◆ **TASK BRIEF**
For this exercise, please transcribe exactly and only the lines from the one containing "Dining room, wood/laminate" through the end of the material, both ends included, without pictures.

◆ **DATASET EXTRACT**
-------

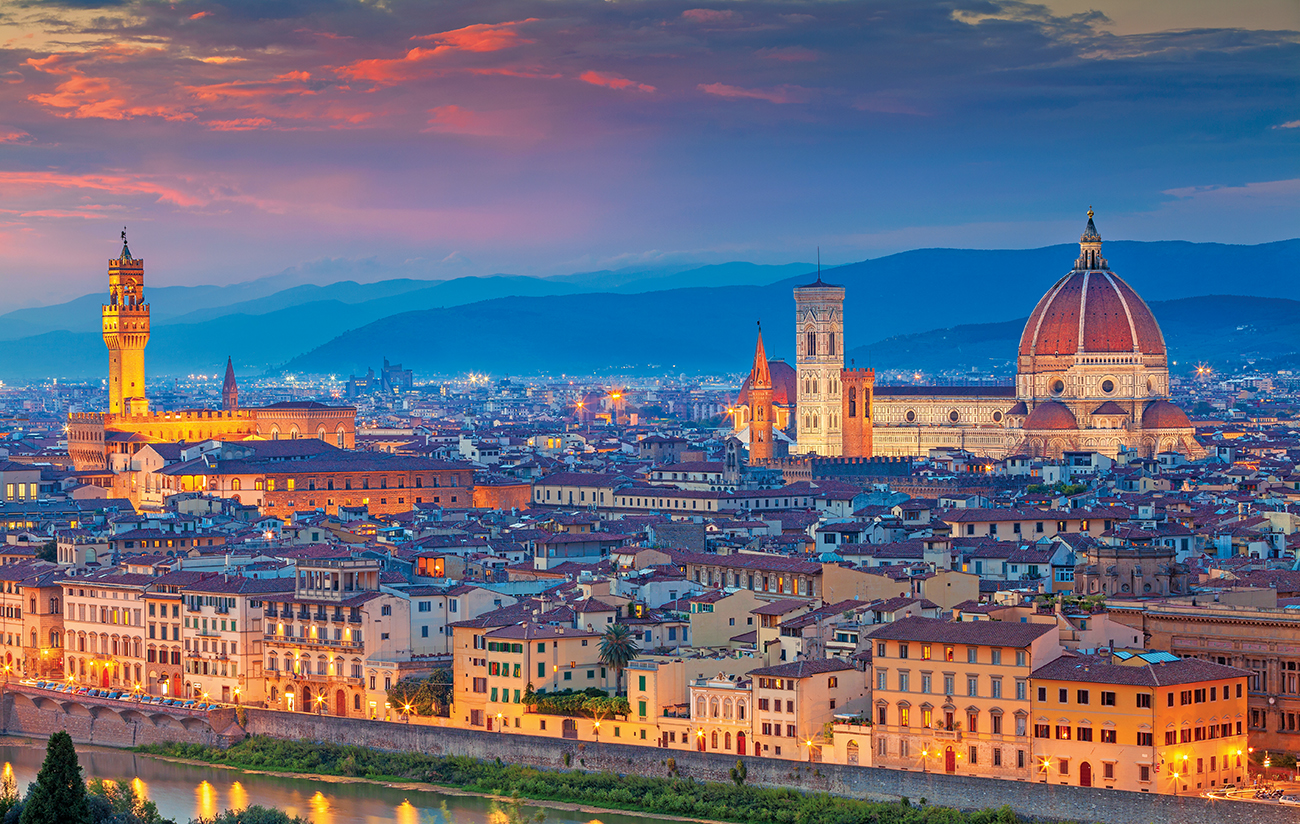 Cityscape image of Florence, Italy during dramatic sunset.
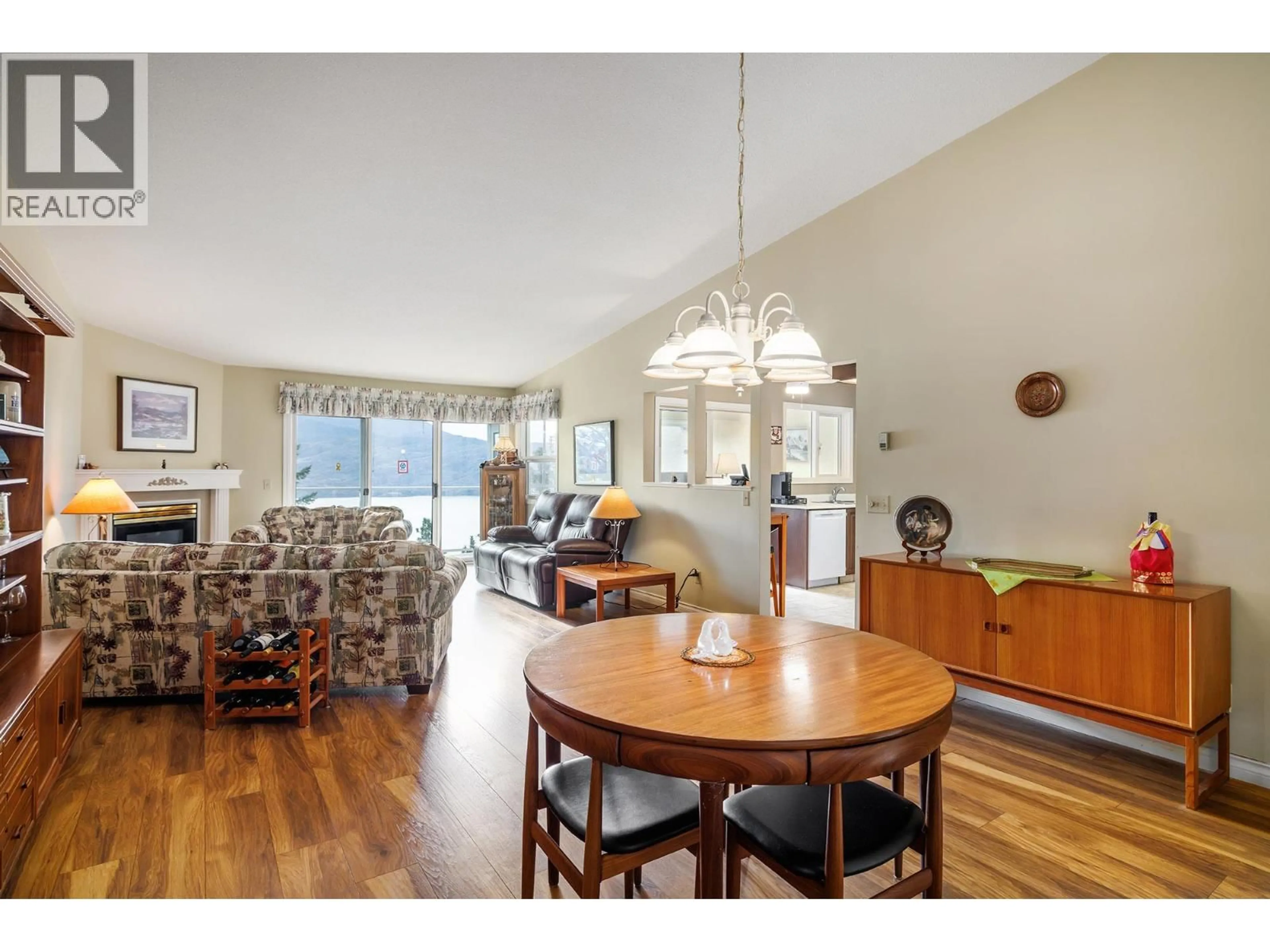 Dining room, wood/laminate floor for 202 - 4450 PONDEROSA DRIVE, Peachland British Columbia V0H1X5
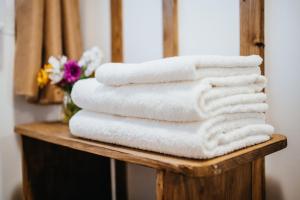 a pile of towels sitting on a table in a bathroom at Cabana La Tata Gheo in Porumbacu de Sus +50 photos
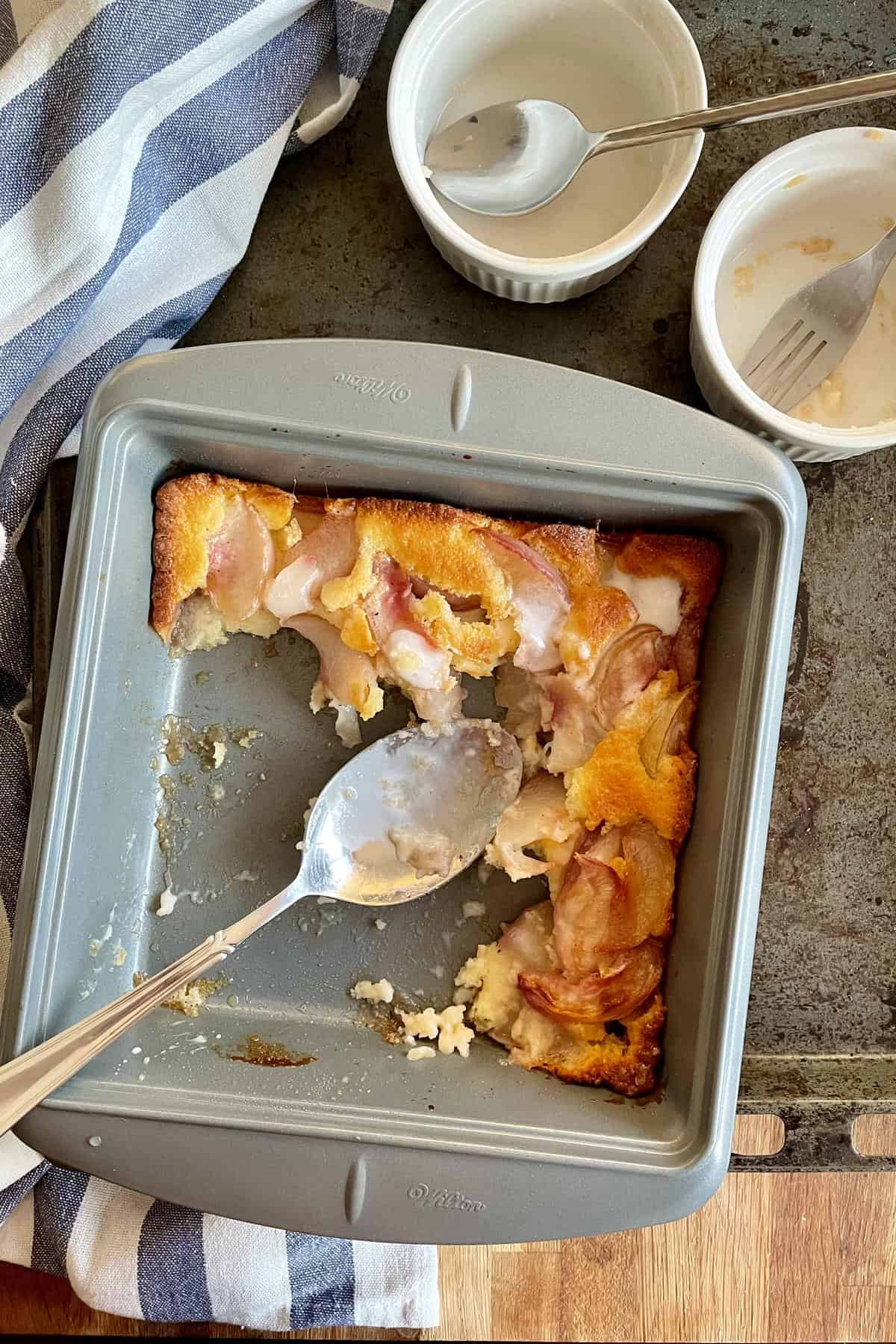 Half consumed cobbler in a baking dish with two serving bowls that had the serving.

-------

◆ **OUTPUT**
 Dining room, wood/laminate floor for 202 - 4450 PONDEROSA DRIVE, Peachland British Columbia V0H1X5
 a pile of towels sitting on a table in a bathroom at Cabana La Tata Gheo in Porumbacu de Sus +50 photos
 Half consumed cobbler in a baking dish with two serving bowls that had the serving.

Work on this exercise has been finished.